**Task directions:** Please transcribe exactly the lines from the line holding "Volkswagen Lavida 2023" through the end of the data below, and skip any pictures.

**Source material:**
┏━━
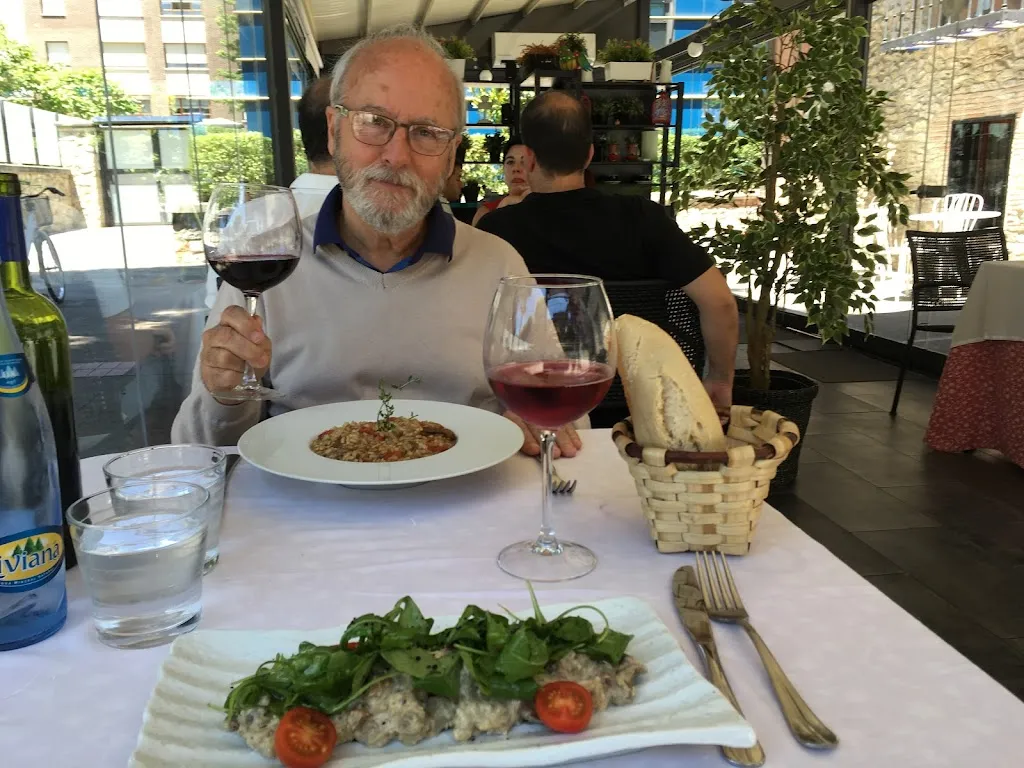 Robert DeVault_Restaurante La Casa de Napoleón_Elburgo/Burgelu_review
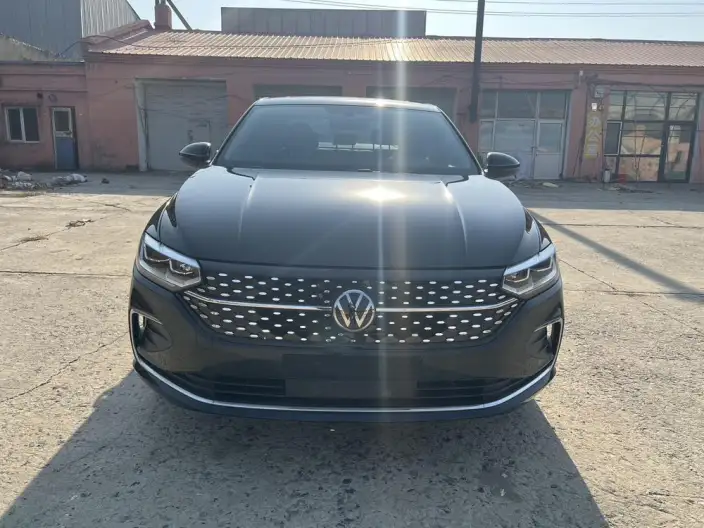 Volkswagen Lavida 2023 Model Facelift 1.5L Automatic Starry Sky Five Million Edition – фото 2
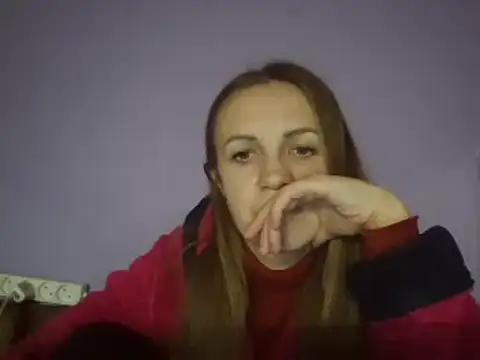 Snapshot of Milaniya261 chatting on 03-17-25, 06:42 Milaniya261 online show from 03-17-25, 06:42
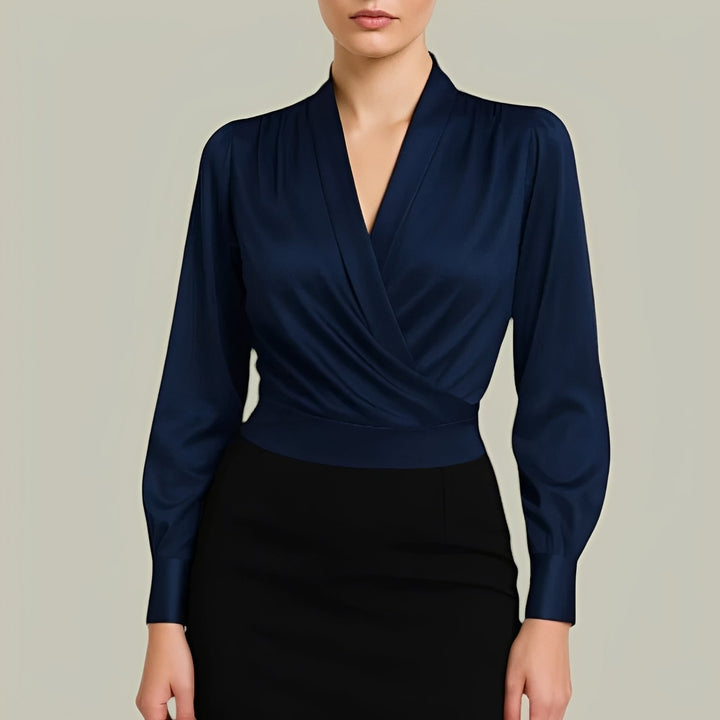 Blusa feminina elegante de manga longa com transpasse. Design moderno para moda feminina, em cores branco e azul.
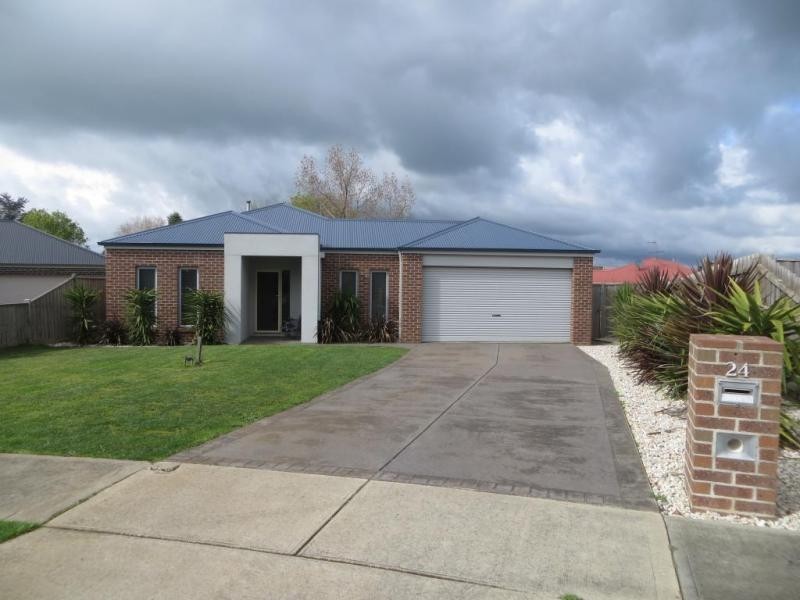 24 Howard Street, Warragul VIC 3820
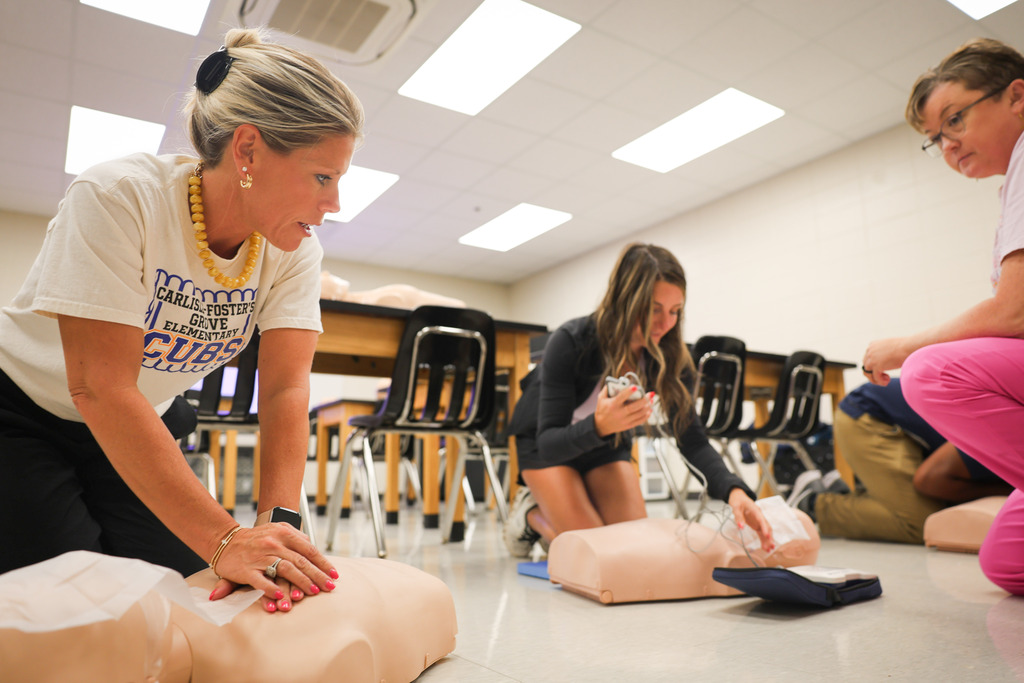 Spartanburg School District 2 Team Members Get CPR Training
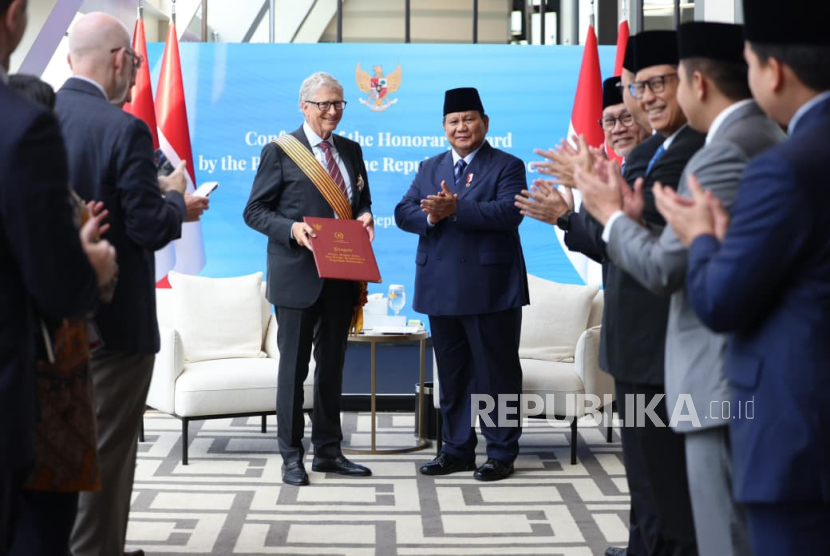 Prabowo Beri Bintang Jasa Utama kepada Bill Gates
┗━━
**Output for this exercise:**
 Volkswagen Lavida 2023 Model Facelift 1.5L Automatic Starry Sky Five Million Edition – фото 2
 Snapshot of Milaniya261 chatting on 03-17-25, 06:42 Milaniya261 online show from 03-17-25, 06:42
 Blusa feminina elegante de manga longa com transpasse. Design moderno para moda feminina, em cores branco e azul.
 24 Howard Street, Warragul VIC 3820
 Spartanburg School District 2 Team Members Get CPR Training
 Prabowo Beri Bintang Jasa Utama kepada Bill Gates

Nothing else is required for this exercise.